[[ Exercise inputs open ]]
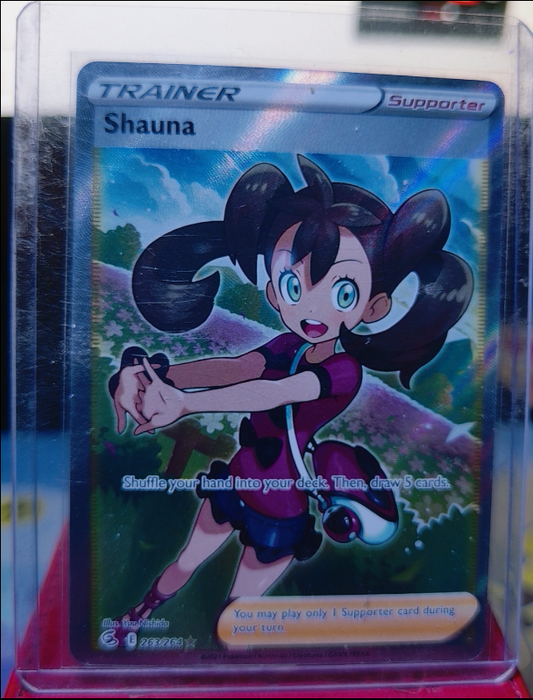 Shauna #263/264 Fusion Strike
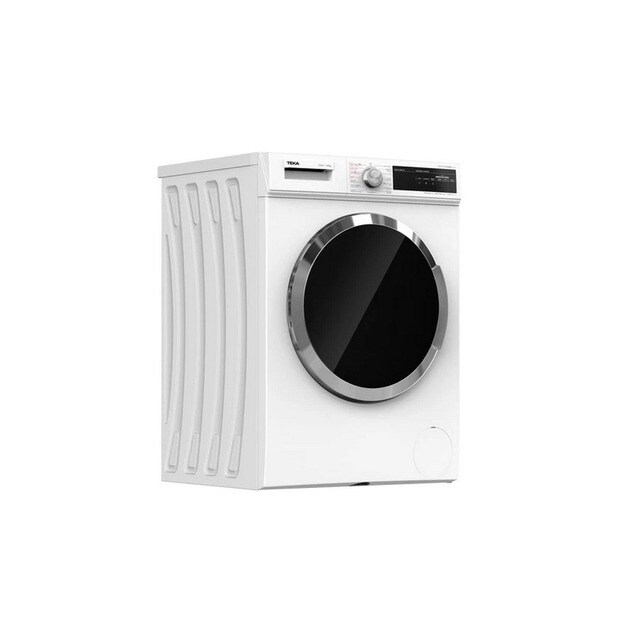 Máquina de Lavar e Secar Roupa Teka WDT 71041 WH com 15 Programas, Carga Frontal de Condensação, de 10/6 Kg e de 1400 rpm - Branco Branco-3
[[ Exercise inputs closed ]]
[[ Exercise inputs open ]]
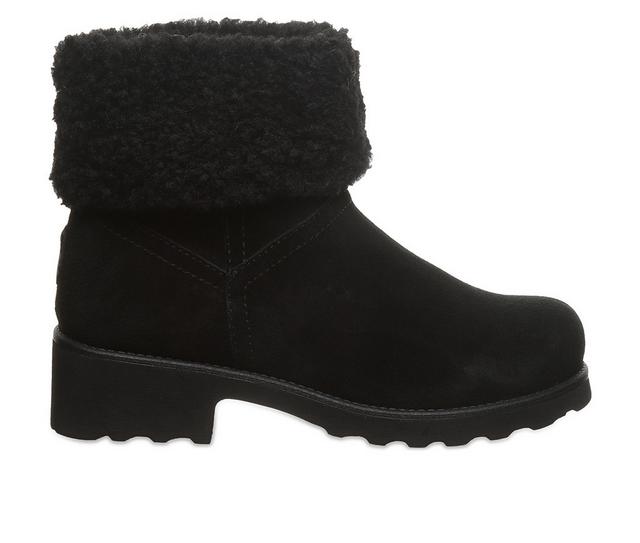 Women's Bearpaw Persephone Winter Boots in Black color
[[ Exercise inputs closed ]]
* **About this task**: Everything above from the line that has "Shauna #263/264 Fusion Strike" down to the line that has "Máquina de Lavar" should be output exactly, with both of those lines included. Leave the pictures behind.

* **Written answer**:
 Shauna #263/264 Fusion Strike
 Máquina de Lavar e Secar Roupa Teka WDT 71041 WH com 15 Programas, Carga Frontal de Condensação, de 10/6 Kg e de 1400 rpm - Branco Branco-3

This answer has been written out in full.